RIVERHEAD, N.Y. (CBSNewYork) — With the arrest of dozens of alleged MS-13 gang members on Long Island yesterday, many are asking; how do we keep people out of gangs to begin with?
One anti-gang program in the jails is being expanded to convert gang members in hopes they can influence others once they get out.
CBS2’s Carolyn Gusoff got an exclusive look behind prison bars inside the Suffolk County Jail in Riverhead where a group of present and former gang members meets weekly trying to figure out how to put their fractured lives back together.
“I joined the gang at 14, I’ve been shot three times, and I’ve been shot five times altogether,” Terrone Newsome said.
Newsome, 20, of Central Islip said now he just wants to stay alive.
Keia Armstrong, 21, of Amityville joined up with gangs and also got shot.
“Hanging around a crowd of people that was out there hanging around being a follower, wanting to be somebody I wasn’t.” Armstrong said.
Facing hard times for their crimes, inmates said they’re ready to turn their backs on the gangs, but wonder if there is any place for them to go once they get out.

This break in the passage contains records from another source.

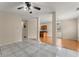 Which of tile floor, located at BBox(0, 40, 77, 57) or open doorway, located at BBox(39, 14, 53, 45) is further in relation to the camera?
open doorway, located at BBox(39, 14, 53, 45)

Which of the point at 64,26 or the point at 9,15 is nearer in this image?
the point at 64,26

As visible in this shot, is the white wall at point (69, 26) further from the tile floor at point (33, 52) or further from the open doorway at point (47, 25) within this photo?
the open doorway at point (47, 25)

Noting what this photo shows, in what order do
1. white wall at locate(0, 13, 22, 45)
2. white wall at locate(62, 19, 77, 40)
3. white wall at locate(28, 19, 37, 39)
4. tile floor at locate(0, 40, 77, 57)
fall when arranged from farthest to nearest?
1. white wall at locate(28, 19, 37, 39)
2. white wall at locate(0, 13, 22, 45)
3. white wall at locate(62, 19, 77, 40)
4. tile floor at locate(0, 40, 77, 57)

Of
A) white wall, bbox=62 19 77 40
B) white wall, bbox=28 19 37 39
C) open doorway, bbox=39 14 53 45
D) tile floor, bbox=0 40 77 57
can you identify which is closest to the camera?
tile floor, bbox=0 40 77 57

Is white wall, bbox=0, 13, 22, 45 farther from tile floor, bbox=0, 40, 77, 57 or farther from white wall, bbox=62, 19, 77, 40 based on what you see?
white wall, bbox=62, 19, 77, 40

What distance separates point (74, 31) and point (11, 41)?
372 centimetres

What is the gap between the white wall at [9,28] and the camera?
15.8 ft

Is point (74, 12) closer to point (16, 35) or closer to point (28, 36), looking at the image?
point (16, 35)

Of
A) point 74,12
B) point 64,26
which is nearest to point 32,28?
point 64,26

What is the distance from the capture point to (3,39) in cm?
489

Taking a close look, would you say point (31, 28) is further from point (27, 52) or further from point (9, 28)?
point (27, 52)

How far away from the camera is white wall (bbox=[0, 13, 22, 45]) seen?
4.83m

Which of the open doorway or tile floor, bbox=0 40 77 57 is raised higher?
the open doorway

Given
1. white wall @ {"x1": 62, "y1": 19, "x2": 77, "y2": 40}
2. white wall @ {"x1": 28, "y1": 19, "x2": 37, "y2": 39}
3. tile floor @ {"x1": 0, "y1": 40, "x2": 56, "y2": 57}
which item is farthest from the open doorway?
tile floor @ {"x1": 0, "y1": 40, "x2": 56, "y2": 57} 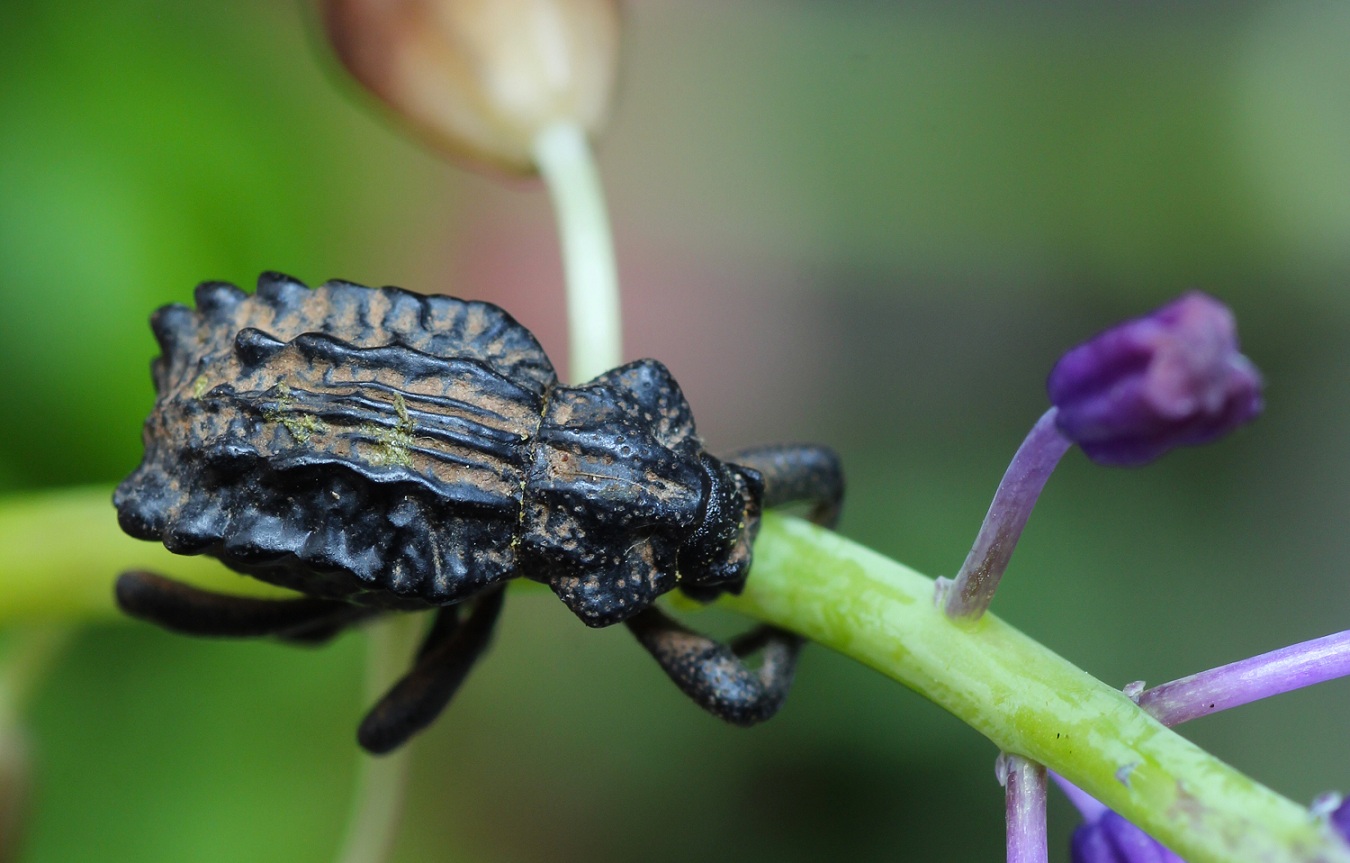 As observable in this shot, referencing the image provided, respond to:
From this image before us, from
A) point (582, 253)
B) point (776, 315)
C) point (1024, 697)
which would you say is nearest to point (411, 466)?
point (582, 253)

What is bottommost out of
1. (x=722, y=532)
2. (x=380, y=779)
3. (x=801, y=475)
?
(x=380, y=779)

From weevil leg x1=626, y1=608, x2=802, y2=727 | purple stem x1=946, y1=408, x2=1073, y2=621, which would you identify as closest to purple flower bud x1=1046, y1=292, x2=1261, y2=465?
purple stem x1=946, y1=408, x2=1073, y2=621

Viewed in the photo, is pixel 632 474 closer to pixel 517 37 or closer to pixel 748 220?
pixel 517 37

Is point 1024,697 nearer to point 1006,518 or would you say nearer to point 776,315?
point 1006,518

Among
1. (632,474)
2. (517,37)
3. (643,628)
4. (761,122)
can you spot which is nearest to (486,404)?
(632,474)

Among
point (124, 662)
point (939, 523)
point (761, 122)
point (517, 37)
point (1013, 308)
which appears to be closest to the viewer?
point (517, 37)

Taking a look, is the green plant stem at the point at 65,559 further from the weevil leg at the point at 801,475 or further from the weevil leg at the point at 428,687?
the weevil leg at the point at 801,475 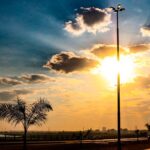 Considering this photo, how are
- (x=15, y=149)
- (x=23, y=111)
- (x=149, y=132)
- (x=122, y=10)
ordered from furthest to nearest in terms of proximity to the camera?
1. (x=149, y=132)
2. (x=15, y=149)
3. (x=23, y=111)
4. (x=122, y=10)

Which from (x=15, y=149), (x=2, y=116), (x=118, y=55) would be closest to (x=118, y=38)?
(x=118, y=55)

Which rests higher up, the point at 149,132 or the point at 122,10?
the point at 122,10

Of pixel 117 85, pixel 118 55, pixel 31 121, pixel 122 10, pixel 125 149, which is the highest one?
pixel 122 10

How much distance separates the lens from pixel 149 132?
315 feet

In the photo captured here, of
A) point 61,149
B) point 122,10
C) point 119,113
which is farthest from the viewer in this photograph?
point 61,149

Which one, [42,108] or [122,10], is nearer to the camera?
[122,10]

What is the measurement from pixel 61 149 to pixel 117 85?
20.4 m

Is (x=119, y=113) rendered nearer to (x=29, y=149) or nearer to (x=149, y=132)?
(x=29, y=149)

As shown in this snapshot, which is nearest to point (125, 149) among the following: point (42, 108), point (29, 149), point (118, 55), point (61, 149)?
point (61, 149)

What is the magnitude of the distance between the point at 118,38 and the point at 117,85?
4346 mm

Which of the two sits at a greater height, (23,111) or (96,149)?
(23,111)

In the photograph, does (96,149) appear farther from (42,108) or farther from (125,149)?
(42,108)

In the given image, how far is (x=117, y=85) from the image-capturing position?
3356 cm

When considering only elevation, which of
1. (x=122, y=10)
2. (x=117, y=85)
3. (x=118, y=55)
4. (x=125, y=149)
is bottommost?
(x=125, y=149) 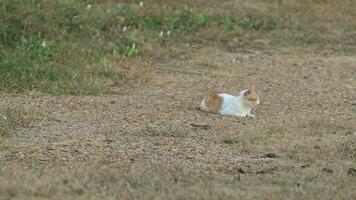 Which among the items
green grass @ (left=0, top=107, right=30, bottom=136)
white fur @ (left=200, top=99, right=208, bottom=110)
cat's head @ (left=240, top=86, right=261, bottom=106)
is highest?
cat's head @ (left=240, top=86, right=261, bottom=106)

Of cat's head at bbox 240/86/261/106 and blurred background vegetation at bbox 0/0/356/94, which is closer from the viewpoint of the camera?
cat's head at bbox 240/86/261/106

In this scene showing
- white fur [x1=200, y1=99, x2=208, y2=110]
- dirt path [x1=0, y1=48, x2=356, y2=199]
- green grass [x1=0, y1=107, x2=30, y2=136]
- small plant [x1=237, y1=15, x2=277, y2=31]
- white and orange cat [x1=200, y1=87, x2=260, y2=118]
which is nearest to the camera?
dirt path [x1=0, y1=48, x2=356, y2=199]

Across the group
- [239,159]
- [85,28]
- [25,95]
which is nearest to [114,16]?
[85,28]

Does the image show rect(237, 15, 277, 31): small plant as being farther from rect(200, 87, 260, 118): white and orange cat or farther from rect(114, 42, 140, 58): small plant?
rect(200, 87, 260, 118): white and orange cat

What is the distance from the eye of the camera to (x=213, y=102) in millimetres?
7383

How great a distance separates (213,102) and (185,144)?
1.48 metres

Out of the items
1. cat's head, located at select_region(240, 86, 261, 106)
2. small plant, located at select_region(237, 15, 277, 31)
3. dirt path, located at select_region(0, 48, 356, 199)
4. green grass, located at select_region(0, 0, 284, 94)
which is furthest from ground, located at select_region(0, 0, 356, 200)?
small plant, located at select_region(237, 15, 277, 31)

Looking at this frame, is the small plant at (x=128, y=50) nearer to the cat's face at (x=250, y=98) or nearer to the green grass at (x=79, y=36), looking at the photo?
the green grass at (x=79, y=36)

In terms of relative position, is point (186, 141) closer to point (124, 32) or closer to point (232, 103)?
point (232, 103)

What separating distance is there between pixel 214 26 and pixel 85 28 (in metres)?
2.19

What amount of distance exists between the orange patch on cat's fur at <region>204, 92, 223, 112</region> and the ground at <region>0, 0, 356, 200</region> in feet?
0.26

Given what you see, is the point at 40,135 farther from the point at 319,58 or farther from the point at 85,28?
the point at 319,58

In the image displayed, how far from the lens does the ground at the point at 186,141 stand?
466cm

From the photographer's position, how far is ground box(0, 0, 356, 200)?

Their counselor said there has to be.
“We hire people, we help people get jobs, and that’s what’s gotta happen — school-wide, community-wide,”Council of Unity, anti-gang counselor Bob Desena said.
In communities like Hempstead that have been terrorized by gangs, you’ll get mixed reaction as to whether gang members should even be helped.
“The major problem is it starts in the family, and I do believe they need education and help,” Natalie Vaughn said.
Others favor the toughened law enforcement crackdown that led to the bust of 41 gang members of Thursday.
“If they’re killing people, sure, they have to pay for what they’ve done,” Cindy Perry said.
The inmates agree, they’ll have to serve their time, but said the gang intervention counseling has changed them. They regularly counsel young children visiting the jail on special school trips.
“I just want to help the kids, I don’t want them to follow us, or follow people who join gangs because they still have a future,” Adriana Sanchez said.
It’s a future they hope never involves closing prison gates.
There are plans now to expand the program to the Yaphank Jail in Suffolk County.